In a year State has achieved what it could not between 1994 and 2008

CHENNAI: The significance of an anniversary depends not only on the time that has passed, but also in the achievements during the period. The team that gathered at the Madras Medical College auditorium on Tuesday morning was measuring their anniversary by the quality of changes during the one-year period since the inception of Tamil Nadu’s Cadaver Transplantation Programme.

Principal Secretary, Health, V.K.Subburaj, said, “In 2007, we were worried. We did not know how to handle the situation – organ commerce was rampant. But today, it is obvious we were able to overcome the situation to an extent that we are now leaders.”

The State, over the last year, has achieved what it could not in the period between 1994 and 2008. A total of 42 donors had made 82 kidneys, 35 livers, 13 hearts, 2 lungs, 54 corneas and 30 heart valves available to other people, J.Amalorpavanathan, Convenor, Cadaver Transplant Programme, said.

The survival data was also good, considering it has been merely a year since the programme commenced, he said. For kidney transplantation it was 90 per cent, for liver transplantation 80 per cent and for heart transplantation between 60-70 per cent.

It is no mean achievement, Mr. Subburaj said, and gave credit to the architects of the programme – Dr. Amlorpavanathan, current IT secretary and former Special Secretary, Health, P.W.C. Davidar, who brought out seven government orders that govern transplantation in the State, S.Surendran who performed the first liver transplant surgery at Stanley Government Hospital, and the transplant co-ordinators of every hospital.

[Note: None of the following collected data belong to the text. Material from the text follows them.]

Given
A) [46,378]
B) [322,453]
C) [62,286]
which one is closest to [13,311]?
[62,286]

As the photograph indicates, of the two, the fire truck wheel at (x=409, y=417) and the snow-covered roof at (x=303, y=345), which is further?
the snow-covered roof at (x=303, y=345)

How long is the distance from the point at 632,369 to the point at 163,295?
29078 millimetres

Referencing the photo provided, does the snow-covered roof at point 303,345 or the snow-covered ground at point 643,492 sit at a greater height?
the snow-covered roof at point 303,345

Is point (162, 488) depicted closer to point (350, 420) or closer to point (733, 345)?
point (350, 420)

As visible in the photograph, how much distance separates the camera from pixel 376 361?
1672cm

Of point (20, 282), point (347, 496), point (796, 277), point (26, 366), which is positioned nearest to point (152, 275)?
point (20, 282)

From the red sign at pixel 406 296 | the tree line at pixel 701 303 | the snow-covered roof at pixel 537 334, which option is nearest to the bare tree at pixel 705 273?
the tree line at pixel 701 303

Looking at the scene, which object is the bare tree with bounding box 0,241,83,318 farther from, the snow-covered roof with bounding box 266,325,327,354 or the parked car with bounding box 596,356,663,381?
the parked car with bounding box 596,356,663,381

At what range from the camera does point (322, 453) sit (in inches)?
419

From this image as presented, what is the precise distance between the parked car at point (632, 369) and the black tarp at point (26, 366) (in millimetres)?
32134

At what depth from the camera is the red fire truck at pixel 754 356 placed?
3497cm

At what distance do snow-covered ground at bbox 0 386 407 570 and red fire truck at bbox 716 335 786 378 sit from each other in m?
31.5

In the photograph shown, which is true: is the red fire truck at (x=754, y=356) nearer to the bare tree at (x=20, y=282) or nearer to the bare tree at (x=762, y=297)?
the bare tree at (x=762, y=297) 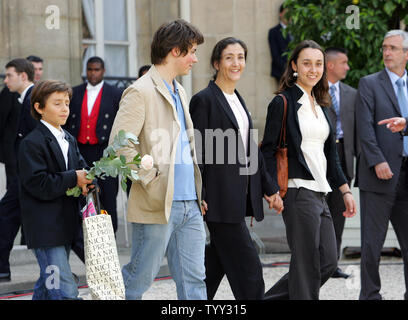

A number of people from abroad and other States have begun heading towards Tamil Nadu for transplantation, he said, and the State had become the centre of activity.

He also felicitated S.Visvakumar, cardio thoracic surgeon, Government General Hospital, for performing the first heart transplant in any State government hospital.

While thanking the patients and their relatives for their benevolence, the convenor also indicated the path for the future.

Support from the police who have hitherto ensured a green corridor for transportation of organs and aid in medico-legal cases, and media organisations will have to be continuous, he said.

Plea to government hospitals

The CTP would now look into quality audits, geographical end equitable distribution of organs. Dr. Amlorpavanathan made the request to government hospitals to enrol themselves in the transplantation programme in order that more organs could be used to benefit poorer patients.

It is also essential to start a tissue bank in the State in order to store tissues, in keeping with the proposed amendments to the Transplantation of Human Organs Act, he suggested.